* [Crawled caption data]
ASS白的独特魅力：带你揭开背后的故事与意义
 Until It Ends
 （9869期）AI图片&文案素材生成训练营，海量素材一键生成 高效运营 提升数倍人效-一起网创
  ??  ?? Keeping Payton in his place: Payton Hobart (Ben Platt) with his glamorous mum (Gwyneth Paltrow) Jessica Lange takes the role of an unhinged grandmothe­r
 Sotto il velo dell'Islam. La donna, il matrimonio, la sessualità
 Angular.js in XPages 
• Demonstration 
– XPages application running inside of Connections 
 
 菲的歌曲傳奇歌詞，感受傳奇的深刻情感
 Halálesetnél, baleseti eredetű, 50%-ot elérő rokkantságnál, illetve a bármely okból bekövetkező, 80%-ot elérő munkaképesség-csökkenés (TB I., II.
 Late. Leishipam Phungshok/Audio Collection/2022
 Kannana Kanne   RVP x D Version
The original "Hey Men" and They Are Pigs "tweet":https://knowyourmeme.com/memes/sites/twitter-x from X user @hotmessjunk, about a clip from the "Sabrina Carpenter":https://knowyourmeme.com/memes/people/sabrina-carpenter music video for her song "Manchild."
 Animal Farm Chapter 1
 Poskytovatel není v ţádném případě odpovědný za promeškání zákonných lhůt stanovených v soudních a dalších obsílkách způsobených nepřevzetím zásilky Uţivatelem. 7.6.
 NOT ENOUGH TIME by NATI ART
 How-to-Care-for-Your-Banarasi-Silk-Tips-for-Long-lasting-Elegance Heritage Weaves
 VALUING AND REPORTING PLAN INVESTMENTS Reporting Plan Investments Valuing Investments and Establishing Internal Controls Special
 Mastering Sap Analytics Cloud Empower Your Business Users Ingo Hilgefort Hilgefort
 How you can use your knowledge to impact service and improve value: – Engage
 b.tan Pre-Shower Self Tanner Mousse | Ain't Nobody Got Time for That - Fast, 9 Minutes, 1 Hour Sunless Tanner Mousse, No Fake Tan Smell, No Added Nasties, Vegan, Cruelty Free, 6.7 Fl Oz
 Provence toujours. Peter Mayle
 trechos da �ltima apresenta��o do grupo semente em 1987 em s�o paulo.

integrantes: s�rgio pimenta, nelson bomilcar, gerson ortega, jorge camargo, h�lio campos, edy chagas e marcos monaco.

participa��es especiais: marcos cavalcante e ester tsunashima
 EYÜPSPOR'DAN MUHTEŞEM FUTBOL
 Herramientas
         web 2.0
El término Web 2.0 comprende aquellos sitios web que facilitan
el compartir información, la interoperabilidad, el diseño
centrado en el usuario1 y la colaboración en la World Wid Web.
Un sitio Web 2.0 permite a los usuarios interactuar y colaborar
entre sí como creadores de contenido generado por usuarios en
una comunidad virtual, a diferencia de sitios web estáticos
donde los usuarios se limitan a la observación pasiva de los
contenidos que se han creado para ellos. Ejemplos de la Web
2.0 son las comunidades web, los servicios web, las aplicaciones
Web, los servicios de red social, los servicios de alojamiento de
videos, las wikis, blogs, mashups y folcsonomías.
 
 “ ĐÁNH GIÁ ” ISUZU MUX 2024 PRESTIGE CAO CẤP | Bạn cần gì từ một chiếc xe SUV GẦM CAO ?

* [TASK GOAL] If the string "marcos" is in a line of the entries, pick that line out.

* [TASK RESULT]
integrantes: s�rgio pimenta, nelson bomilcar, gerson ortega, jorge camargo, h�lio campos, edy chagas e marcos monaco.
participa��es especiais: marcos cavalcante e ester tsunashima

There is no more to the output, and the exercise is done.